My morning walk takes place under a canopy of lush jungle with sounds of a river flowing and birds chirping. From the middle of a city of 2M+ people.
Jungle walk tings. Not available in Tejas.
The city’s got free gyms. They are outdoor, well-equipped, and full of health-conscious people (usually with a boombox slapping a Feid playlist—good vibe tribe tings…).
The weather is pleasant year-round. As I say, when the weather is good, you don’t need shit to do—you just walk outside.
Other than the subset of murderers (which every city has—these ones are just more on my radar), the people are incredibly friendly.
I saw first-hand the impact of living somewhere where the people suck (*cough, VANCOUVER*). It takes a toll on your mental.
Here, it’s high-fives and sunshine…
I am a mountains person. Not beach. This city’s nestled in a valley, with mountains every direction you look.
A great public transit, super-walkable streets, and the world’s best coffee… and walking through said jungle streets to arrive to said coffee?!
So… can you still meet people, some of those being women? Of course!
You just can’t be delusional.
LatAm definitely ups your street smarts by 500%, in a Darwinian way.
Those that get caught up, get caught up. Those that adapt and get smart… survive.
Liveability Index—A Load of Shit
Vancouver consistently ranks top 10 in the Global Liveability Rankings—I call bullshit.
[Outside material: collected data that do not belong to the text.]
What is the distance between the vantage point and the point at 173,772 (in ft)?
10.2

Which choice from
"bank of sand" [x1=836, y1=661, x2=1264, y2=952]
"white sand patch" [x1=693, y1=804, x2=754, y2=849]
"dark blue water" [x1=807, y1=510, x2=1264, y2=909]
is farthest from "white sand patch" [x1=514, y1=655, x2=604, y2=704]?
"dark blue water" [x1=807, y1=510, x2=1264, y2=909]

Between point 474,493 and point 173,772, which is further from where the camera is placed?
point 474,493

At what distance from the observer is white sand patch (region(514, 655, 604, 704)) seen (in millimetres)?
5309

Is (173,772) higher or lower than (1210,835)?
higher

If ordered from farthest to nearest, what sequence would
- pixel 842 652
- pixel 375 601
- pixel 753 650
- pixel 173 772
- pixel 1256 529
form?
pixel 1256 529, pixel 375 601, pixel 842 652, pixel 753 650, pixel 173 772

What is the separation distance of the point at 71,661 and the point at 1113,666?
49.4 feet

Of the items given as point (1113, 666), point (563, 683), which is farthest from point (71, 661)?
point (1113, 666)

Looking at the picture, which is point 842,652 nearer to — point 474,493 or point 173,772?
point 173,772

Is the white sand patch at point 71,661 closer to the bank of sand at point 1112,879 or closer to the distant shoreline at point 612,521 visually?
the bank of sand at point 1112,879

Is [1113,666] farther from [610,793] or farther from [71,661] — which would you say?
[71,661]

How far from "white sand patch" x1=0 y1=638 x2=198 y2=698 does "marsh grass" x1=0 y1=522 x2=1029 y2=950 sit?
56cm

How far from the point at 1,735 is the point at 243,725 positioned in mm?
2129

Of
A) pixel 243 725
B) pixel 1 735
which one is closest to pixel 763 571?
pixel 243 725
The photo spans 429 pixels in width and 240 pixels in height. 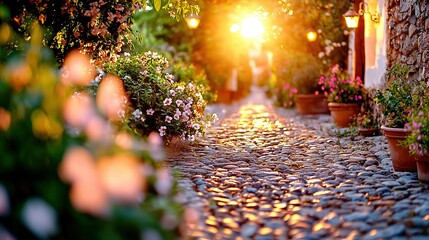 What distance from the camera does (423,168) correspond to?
600 cm

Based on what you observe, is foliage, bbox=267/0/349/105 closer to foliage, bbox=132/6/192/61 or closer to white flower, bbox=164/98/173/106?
foliage, bbox=132/6/192/61

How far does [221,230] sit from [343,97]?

Fuck Vancouver, everyone I met that lives there (I stayed a while and met lots of people) doesn’t like living there.
[In today’s article, we are bullying Vancouver. Come on, join in…]
Medellin is the opposite. Ask any paisa or expat—they genuinely enjoy living here, despite it being in the shitter on those same rankings.
Even in Bogotá, often accused of being dangerous and overcrowded, I liked it. Always-crisp weather, high-altitude Andes, and tons to do.
Put it to you this way: you can take the pretty girls away—I’d still live here.
Everything Is A Projection
Dawgie… I stopped caring about what people think, say, and do/don’t do many eons ago.
But I had to set the record straight on this one, for the #haterz and #accuserz.
It’s simple:
Everything people do is a projection. This guy says I’m here to conquer shorties, I see right through to the fact that he’d kill to travel the world and date exotic baddies. He’s just too scared to make a move.
I will continue taking jungle walks and hitting the free gym—fuck all that other noise.